A firing order diagram consists of a schematic illustration of an engine and its cylinders, for which each cylinder is numbered to correspond with a numeric firing order indicating which spark plug is triggered during engine operation. Some firing order diagrams also include a small circle indicating the distributor cap of the vehicle, and each port for a spark plug wire is numbered according to the cylinder that the port is intended to power.
Firing orders for automobile engines are often written in a form such as 1-4-6-2-5-3, for which each number corresponds to the cylinder numbers given in a firing order diagram. This varies from engine to engine due to many different design characteristics that are influenced by the firing order, including the amount of noise and vibration produced by the engine and the smoothness of the engine's power delivery. Wiring an engine's cylinders to the distributor cap in the incorrect order can severely reduce performance, prevent the engine from running or even seriously damage the engine, so it is important to know the firing order for a given engine when repairing or tuning that engine.

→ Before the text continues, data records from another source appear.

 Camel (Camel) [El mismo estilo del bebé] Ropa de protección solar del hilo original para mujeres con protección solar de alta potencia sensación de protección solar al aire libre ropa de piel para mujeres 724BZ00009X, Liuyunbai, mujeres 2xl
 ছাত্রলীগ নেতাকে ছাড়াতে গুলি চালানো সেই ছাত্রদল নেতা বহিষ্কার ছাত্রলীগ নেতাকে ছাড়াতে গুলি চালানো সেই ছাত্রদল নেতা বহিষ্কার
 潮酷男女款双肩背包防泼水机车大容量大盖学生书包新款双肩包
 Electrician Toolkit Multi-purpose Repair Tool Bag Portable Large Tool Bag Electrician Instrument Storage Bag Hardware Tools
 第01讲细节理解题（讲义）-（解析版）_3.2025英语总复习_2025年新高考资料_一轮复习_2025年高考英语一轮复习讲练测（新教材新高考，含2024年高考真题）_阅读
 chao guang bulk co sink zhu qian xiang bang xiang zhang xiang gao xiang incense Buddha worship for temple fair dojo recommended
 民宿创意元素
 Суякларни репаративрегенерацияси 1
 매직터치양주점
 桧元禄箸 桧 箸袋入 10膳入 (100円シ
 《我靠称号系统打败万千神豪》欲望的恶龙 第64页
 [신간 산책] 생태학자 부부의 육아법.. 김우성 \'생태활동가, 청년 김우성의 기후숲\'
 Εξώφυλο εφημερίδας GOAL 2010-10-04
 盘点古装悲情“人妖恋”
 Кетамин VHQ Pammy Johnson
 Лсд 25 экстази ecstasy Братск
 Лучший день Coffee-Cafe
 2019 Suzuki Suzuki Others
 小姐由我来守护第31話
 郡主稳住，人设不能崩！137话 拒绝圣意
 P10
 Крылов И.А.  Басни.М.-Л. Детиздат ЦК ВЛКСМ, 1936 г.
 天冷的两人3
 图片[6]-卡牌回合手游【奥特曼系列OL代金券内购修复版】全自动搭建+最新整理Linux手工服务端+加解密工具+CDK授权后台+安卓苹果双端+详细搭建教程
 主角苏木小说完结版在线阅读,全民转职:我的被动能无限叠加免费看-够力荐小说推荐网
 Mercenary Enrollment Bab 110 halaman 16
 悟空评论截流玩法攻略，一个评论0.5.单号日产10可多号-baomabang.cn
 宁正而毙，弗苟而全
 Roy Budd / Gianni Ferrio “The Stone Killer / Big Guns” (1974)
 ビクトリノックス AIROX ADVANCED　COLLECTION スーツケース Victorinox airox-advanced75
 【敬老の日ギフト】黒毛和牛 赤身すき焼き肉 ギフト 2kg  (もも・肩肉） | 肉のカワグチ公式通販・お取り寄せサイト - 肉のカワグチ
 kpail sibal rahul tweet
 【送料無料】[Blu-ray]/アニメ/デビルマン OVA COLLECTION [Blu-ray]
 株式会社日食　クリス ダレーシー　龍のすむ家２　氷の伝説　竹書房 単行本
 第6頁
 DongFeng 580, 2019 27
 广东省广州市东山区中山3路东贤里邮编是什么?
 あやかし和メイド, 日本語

The numbering sequence for engine cylinders is not standardized and varies between different engine types and manufacturers, so it is not safe to assume that the numbering of cylinders is consistent even between different engines from the same manufacturer. For example, some manufacturers number the cylinders in banks of a V-style engine sequentially such that the one through four cylinders in a V-8 engine are all on the same side of the engine. However, other manufacturers number their cylinders in a staggered fashion between the two cylinder banks in these types of engines.